The sampling population for this study includes all Veterans ages 18 and older who are identified as current smokers from the VA's EMR Health Factors Dataset at each participating site. There are minimal exclusion criteria to maximize generalizability to the VA primary care population. However, any patient with an ICD9 diagnosis of dementia (i.e., 290.XX or 331.XX) or greater than 10 mental health clinic visits in the past year, determined from VA administrative data, is ineligible for study participation.

The EMR Health Factors data are collected nationally using a clinical reminder process, which consists of automated requirements that providers must complete. The VA EMR tobacco use clinical reminder is primarily implemented in VA primary care clinics and information is stored in the Health Factors tables within the VA EMR databases [5]. The Health Factors tables are used to generate a list of Veterans at each participating facility who are identified as current smokers during a VA primary care visit in the past 3 months. Data extractions are run at each site every 3 months until the desired sample size at a given site for the two groups is accrued. A 3-month interval was chosen to ensure that we would have participants' most recent contact information.

The usual care group receives access to tobacco treatment services from their local VA facility. Current VA national guidelines mandate screening for tobacco use and advising tobacco users to quit (i.e., brief counseling) and facilities are held accountable for their rates of screening and advice using performance measures, which are based on external audit of medical records. Treatment may be provided through primary care clinics and/or specialty tobacco treatment clinics. In addition, it is possible that participants may access help to quit smoking by calling their state quitline or the national quitline (1800QUITNOW). Treatment delivered by primary care providers may consist of brief counseling to quit and medication treatment. Pharmacotherapy is available in the form of nicotine patches, nicotine gum or bupropion. Medication costs in the VA are subsidized and may be free or a nominal co-pay of $9 per prescription is charged to Veteran depending upon their eligibility status. Participants may also be referred to a smoking cessation clinic from which they receive intensive counseling, which consists of behavioral and cognitive strategies to quit smoking. Behavioral counseling usually occurs in a group setting and participants are encouraged to attend at least 4 sessions, lasting 30-60 minutes, which are held once or twice per week. In addition, a limited amount of individual counseling is available. In sum, the cessation programs available at these 4 sites are representative of existing programs elsewhere in the VA and are comparable as to the availability of pharmacotherapy and face-to-face services.

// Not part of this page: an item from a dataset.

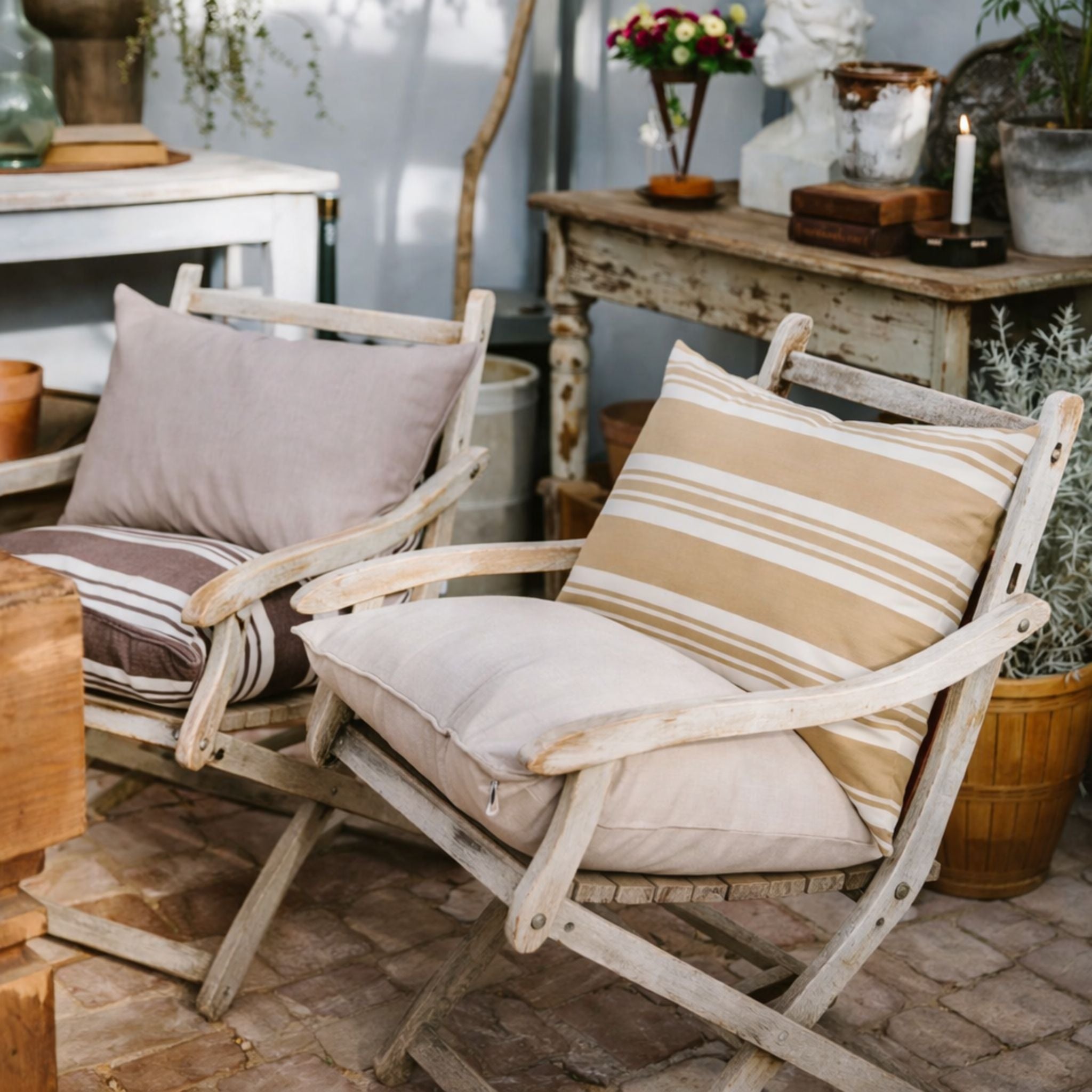 Outdoor pillow 40x60 - Beige stripe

The theory-driven proactive care intervention combines two main components: 1) proactive outreach (mailed invitation materials followed by telephone outreach) and 2) offer of choice of smoking cessation services (telephone care or face-to-face care), described below. Proactive outreach is coordinated by trained counselors at the Minneapolis VA Medical Center. Counselors have a BS or MS level degree in a health related field and received training in motivational interviewing and smoking cessation counseling from the California Smoker's Helpline and the study investigators. In addition to offering care, the mailed materials (invitation letter and brochure) and the proactive outreach call provides motivational enhancement to encourage participants to quit smoking and seek tobacco treatment. Participants who chose telephone care receive telephone counseling and care coordination from counselors at the Minneapolis VA. For proactive care participants who chose face-to-face care, the counselors arrange a referral to their local VA facility's smoking cessation program.

Data collection occurs at baseline (i.e., at time of randomization) and at 12 months post-randomization. Data sources include survey data collected at baseline and at the twelve month follow up assessment, and VA administrative databases. Both the baseline survey and follow-up survey are 8-pages and are estimated to take the average participant 15 minutes to complete. The baseline survey consists of 79 questions and the follow-up survey includes 83 questions. The baseline survey mailing follows a modified Dillman protocol to maximize response rates and data quality (mail + postcard reminder + mail + mail) [14]. The 1^st survey mailing includes a cover letter describing the study, a $10 cash incentive, the self-administered survey instrument, a postage paid return envelope, and an informed consent statement describing the study. Approximately 10 days later, a reminder postcard is mailed to non-respondents. About two to three weeks after the postcard is mailed, a 2^nd survey, cover letter, pen, and postage paid return envelope is mailed to all participants who have not yet returned a survey. About two to three weeks after the 2^nd survey mailing, participants who do not return a mailed survey are mailed a shortened, 2-page survey, cover letter, and a postage paid return envelope.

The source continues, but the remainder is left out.